Em mais de um momento de Foram os Sussurros que me Mataram, diferentes personagens defendem que a nova prática vanguardista está na cultura de massa. Por caminhos diversos, o filme de Arthur Tuoto, seu primeiro estritamente ficcional, busca comprovar essa hipótese. Primeiramente, claro, ao dialogar de forma direta, ainda que crítica, com o universo dos realities shows. O diretor não chega a se apropriar de elementos estilísticos desse tipo de entretenimento de altíssima popularidade, tão pouco explorado pelo cinema brasileiro enquanto tema e linguagem, mas estão presentes referências facilmente reconhecíveis para quem acompanha Big Brother Brasil e congêneres.
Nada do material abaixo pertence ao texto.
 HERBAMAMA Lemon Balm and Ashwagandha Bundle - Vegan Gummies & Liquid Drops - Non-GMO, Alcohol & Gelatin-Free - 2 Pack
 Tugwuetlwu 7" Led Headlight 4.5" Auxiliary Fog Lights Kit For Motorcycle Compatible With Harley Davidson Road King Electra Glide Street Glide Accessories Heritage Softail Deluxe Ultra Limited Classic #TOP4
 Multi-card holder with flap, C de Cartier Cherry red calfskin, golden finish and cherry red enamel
Mas é principalmente na utilização de um artificialismo nas interpretações que o filme lida diretamente com a dialética entre vanguarda e cultura de massa. As falas dos personagens de Foram os Sussurros que me Mataram são fortemente marcadas pelo antinaturalismo, uma entonação que remete à encenação escancarada. Aparece aqui uma certa faceta do folhetinesco, enraizado na cultura audiovisual brasileira mas em desuso nas últimas décadas, ainda que esvaziada de exageros dramáticos próprio das telenovelas. Os atores falam de forma empostada, mas distanciada, mecânica. Convivem, portanto, nessa característica estilística central do filme, o estranhamento com uma forma de encenação pouco usual no presente e o vestígio de uma tradição popular anacrônica.
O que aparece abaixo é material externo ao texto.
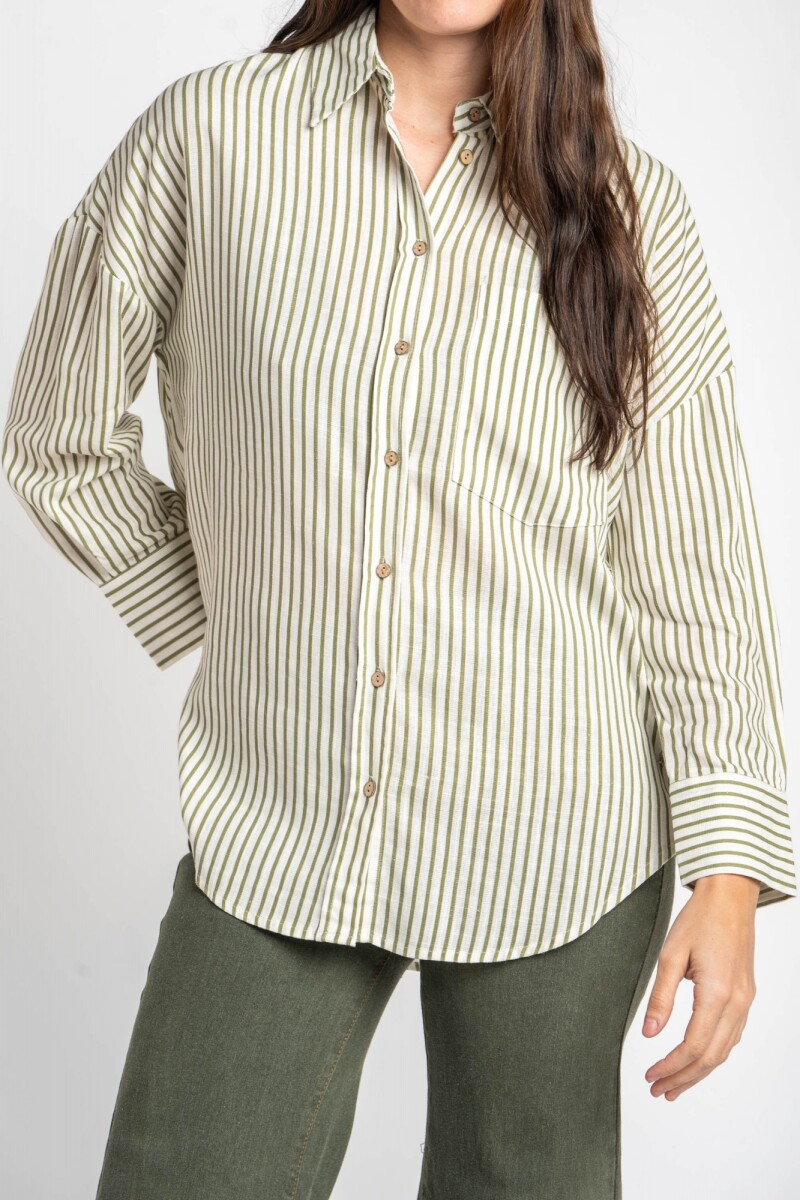 Camisa Rayada Con Lino Oliva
Outra tensão existente em Foram os Sussurros que me Mataram é entre controle e caos. Tuoto realiza um filme sobre controle que é em si muito controlado, calculado nos pequenos detalhes. A protagonista, Ingrid (Mel Lisboa), está num confinamento pré-entrada num reality show, o que exige a vigilância de cada passo seu pela produção do programa – e por ela própria, sempre preocupada com possíveis danos a sua imagem pública. Enquanto isso, nas ruas, irrompe o caos de uma revolta anarquista. Essa situação gera uma analogia interessante com a lógica da participação nesses programas, sobretudo de pessoas já famosas (como é Ingrid na diegese) em tempos recentes: a aparência da exposição total mediada pelo cálculo minucioso de cada gesto, resultado do temor do “cancelamento”.
No entanto, Tuoto não consegue encaminhar essa tensão específica no sentido de tornar crível a possibilidade do caos. Sua obsessão pelo domínio absoluto dos elementos do filme faz com que o momento da derrocada do status quo seja na verdade só mais uma volta no parafuso, mais um ato do simulacro contemporâneo. Nada de fato muda. Não só na história, mas também na lógica visual de Foram os Sussurros que me Mataram: mesmo que na última cena a protagonista apareça num novo cenário, ele apenas reitera a organização espacial controlada anterior. A mise-en-scène estaciona. Essa decisão de não levar o filme para outros lugares quando a possibilidade para isso se abre demonstra um cinismo confortável, infelizmente bastante comum no cinema atual.